Folgende Tipps für Xing & Co. gibt der Profi:
- Das Bild
„Beim Foto ist mindestens die gleiche Qualität wie beim Bewerbungsfoto Pflicht. Darauf guckt man zuerst, deshalb muss es einfach professionell sein.“
- Der Firmenname
„Neben dem Foto und Namen das erste, was man bei der Suche sieht. Der Firmenname ist im Grunde die Schaufensterbeschriftung: Wenn da nichts steht, weiß ich auf der anderen Straßenseite nicht, was mich erwartet und gehe erst gar nicht rüber. Bin ich ohne Arbeitgeber, kommt hier einfach die Berufsbezeichnung hin.“
- Persönliches
„Im Bereich der Privatsphäre sollte man nur Dinge in sein Profil schreiben, die man einem wildfremden Menschen auf der Straße auch erzählen würde. Politische oder religiöse Einstellungen gehören in der Regel überhaupt nicht rein.“
- Ich biete
„Hier sollten Sie in ganzen Sätzen formulieren. Die Information kommt dadurch besser rüber. Und formulieren Sie nicht zu lang, lieber nur drei, vier Zeilen. Dieser Text sollte so ansprechend sein, dass die Leute denken: Das klingt spannend, da klick ich weiter.“
- Referenzen
„Aktivieren Sie das Gästebuch und die Referenzfunktion und bitten Sie ehemalige Kollegen und Arbeitgeber um Einträge. Das halte ich für wahnsinnig wertvoll. Holen Sie sich auch unbedingt Feedback bei Mitgliedern, die sich Ihr gesamtes Profil angesehen haben.“
- Gestaltung
„Arbeiten Sie mit Überschriften, Formatierung, Bildern oder Farbe und zeigen Sie nicht nur einfach eine Bleiwüste. Beschäftigen Sie sich notfalls auch mit HTML, um die Seite ansprechend zu gestalten.“
Joachim Rumohr ist einer der bekanntesten Networking-Experten in Deutschland.

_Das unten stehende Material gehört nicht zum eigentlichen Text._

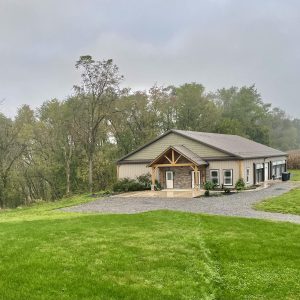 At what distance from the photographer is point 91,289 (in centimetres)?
819

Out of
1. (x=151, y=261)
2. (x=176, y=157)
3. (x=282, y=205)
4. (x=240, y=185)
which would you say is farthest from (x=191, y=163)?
(x=151, y=261)

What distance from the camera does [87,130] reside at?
46844mm

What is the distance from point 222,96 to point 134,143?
36661mm

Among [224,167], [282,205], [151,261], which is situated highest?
[224,167]

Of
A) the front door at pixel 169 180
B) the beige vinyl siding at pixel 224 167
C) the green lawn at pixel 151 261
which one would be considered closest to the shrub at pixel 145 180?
the front door at pixel 169 180

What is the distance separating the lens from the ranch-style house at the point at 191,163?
3241 centimetres

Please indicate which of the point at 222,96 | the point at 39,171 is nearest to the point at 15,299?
the point at 39,171

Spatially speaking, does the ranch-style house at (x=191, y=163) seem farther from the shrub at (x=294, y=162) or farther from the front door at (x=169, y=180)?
the shrub at (x=294, y=162)

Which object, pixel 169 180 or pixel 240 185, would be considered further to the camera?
pixel 169 180

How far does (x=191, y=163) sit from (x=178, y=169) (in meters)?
2.51

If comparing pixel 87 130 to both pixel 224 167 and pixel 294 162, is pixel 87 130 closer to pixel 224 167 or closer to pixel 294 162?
pixel 224 167

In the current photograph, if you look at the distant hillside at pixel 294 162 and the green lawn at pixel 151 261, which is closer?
the green lawn at pixel 151 261

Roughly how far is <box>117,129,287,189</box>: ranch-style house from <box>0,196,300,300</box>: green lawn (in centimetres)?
1651

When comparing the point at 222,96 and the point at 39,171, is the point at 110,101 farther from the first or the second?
the point at 222,96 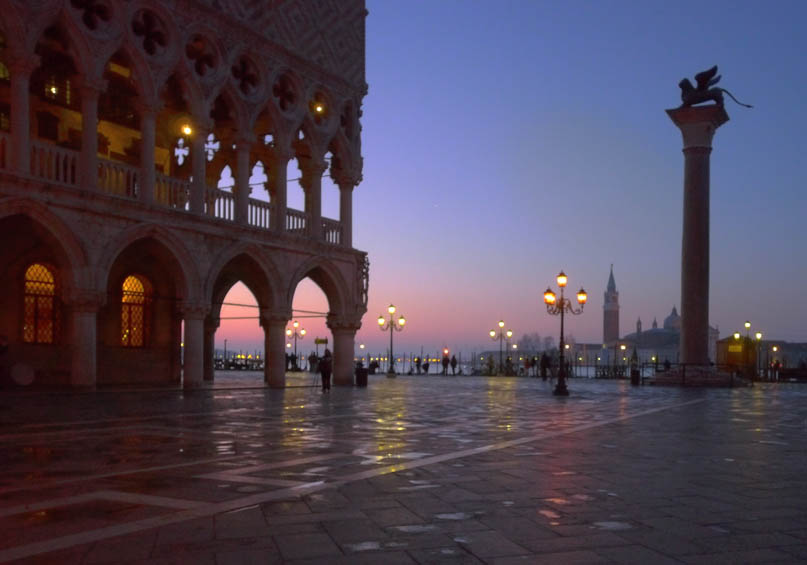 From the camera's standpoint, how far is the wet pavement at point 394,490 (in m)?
5.30

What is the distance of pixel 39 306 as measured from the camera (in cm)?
2317

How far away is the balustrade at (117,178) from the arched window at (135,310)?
4.32 m

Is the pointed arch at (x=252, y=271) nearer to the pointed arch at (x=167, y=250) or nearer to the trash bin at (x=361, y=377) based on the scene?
the pointed arch at (x=167, y=250)

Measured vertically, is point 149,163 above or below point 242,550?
above

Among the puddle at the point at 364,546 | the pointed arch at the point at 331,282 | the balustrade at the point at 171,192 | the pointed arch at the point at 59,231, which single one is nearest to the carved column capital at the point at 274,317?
the pointed arch at the point at 331,282

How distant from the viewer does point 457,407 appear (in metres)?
19.5

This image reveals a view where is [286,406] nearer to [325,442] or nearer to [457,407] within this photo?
[457,407]

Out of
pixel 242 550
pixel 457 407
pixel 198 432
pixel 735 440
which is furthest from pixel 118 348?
pixel 242 550

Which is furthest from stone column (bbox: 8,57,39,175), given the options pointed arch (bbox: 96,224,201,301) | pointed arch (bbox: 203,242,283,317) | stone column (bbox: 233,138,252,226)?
stone column (bbox: 233,138,252,226)

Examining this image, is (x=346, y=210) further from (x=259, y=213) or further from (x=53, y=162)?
(x=53, y=162)

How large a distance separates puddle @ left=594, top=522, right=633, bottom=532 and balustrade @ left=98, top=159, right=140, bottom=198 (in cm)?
1838

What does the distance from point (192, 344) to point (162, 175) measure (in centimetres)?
510

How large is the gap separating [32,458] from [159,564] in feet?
17.6

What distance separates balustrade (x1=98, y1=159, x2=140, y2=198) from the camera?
2189 centimetres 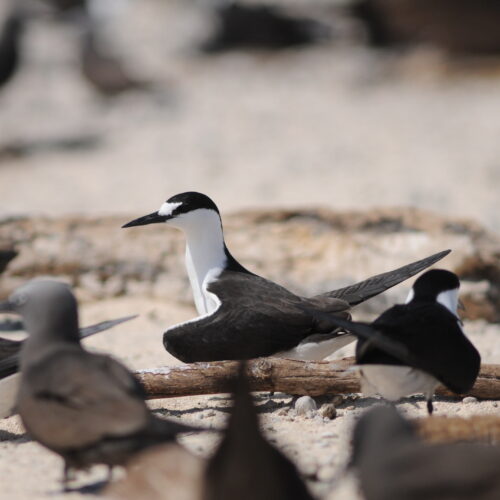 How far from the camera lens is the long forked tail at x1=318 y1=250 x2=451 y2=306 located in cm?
570

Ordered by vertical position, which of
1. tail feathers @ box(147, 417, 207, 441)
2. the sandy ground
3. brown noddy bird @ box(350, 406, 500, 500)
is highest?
brown noddy bird @ box(350, 406, 500, 500)

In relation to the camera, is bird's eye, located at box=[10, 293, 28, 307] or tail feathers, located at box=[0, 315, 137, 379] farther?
tail feathers, located at box=[0, 315, 137, 379]

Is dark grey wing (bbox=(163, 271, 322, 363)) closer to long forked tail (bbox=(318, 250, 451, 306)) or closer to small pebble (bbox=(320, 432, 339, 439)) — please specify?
long forked tail (bbox=(318, 250, 451, 306))

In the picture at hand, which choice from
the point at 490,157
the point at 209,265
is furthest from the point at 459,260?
the point at 490,157

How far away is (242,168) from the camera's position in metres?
13.6

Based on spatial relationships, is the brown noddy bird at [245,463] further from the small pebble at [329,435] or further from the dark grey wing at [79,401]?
the small pebble at [329,435]

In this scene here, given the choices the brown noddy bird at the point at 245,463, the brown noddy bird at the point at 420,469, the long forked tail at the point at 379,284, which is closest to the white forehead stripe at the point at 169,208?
the long forked tail at the point at 379,284

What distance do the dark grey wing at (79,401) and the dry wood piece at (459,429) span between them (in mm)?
1049

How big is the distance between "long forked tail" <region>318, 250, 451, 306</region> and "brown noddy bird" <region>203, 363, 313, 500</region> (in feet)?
9.33

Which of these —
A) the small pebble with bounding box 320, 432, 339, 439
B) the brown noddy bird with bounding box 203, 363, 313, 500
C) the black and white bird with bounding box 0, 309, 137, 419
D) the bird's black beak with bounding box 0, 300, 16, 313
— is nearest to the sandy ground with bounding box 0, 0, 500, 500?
the black and white bird with bounding box 0, 309, 137, 419

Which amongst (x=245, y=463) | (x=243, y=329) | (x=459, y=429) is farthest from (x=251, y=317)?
(x=245, y=463)

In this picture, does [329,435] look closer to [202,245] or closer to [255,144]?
[202,245]

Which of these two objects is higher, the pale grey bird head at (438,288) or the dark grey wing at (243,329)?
the pale grey bird head at (438,288)

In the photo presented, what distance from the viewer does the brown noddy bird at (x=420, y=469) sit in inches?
110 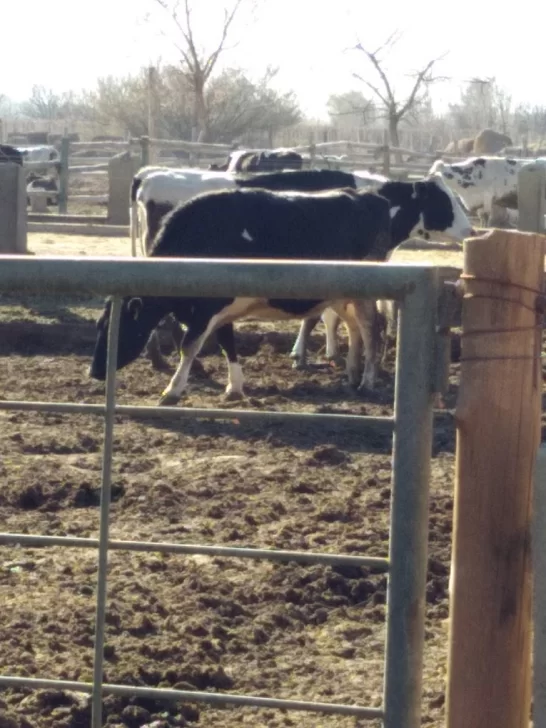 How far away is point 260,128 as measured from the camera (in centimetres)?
4778

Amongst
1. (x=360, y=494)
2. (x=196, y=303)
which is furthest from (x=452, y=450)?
(x=196, y=303)

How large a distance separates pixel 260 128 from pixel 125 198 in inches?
1045

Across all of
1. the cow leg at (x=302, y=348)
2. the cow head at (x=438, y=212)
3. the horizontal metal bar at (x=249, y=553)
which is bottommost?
the cow leg at (x=302, y=348)

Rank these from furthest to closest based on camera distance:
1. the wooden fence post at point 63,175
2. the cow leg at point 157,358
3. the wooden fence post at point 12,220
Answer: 1. the wooden fence post at point 63,175
2. the wooden fence post at point 12,220
3. the cow leg at point 157,358

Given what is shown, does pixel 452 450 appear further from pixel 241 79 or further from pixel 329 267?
pixel 241 79

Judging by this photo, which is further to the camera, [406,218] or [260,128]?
[260,128]

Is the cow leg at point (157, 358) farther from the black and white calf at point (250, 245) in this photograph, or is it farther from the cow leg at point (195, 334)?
the cow leg at point (195, 334)

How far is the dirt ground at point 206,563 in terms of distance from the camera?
3.61 m

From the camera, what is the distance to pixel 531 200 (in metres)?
14.7

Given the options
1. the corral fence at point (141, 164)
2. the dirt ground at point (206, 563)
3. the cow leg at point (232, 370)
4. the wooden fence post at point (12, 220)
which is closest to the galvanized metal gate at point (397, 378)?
the dirt ground at point (206, 563)

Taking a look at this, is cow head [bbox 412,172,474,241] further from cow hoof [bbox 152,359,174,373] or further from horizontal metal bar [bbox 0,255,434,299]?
horizontal metal bar [bbox 0,255,434,299]

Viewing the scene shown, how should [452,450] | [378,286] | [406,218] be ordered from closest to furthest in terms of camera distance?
[378,286], [452,450], [406,218]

Als offizieller XING-Trainer gibt er Usern in Seminaren und Workshops Tipps und Tricks zur effektiven Nutzung der Online-Plattform. XING selbst gehört mit mehr als 3,7 Millionen Mitgliedern aus dem deutschsprachigen Raum zu den größten und bedeutendsten sozialen Netzwerken und wird besonders stark von Einsteigern und Professionals aus Medien-, IT- und Finanzbranche genutzt. Rund ein Drittel der XING-Mitglieder sind Aussagen des Unternehmens zufolge zwischen 18 und 30 Jahren.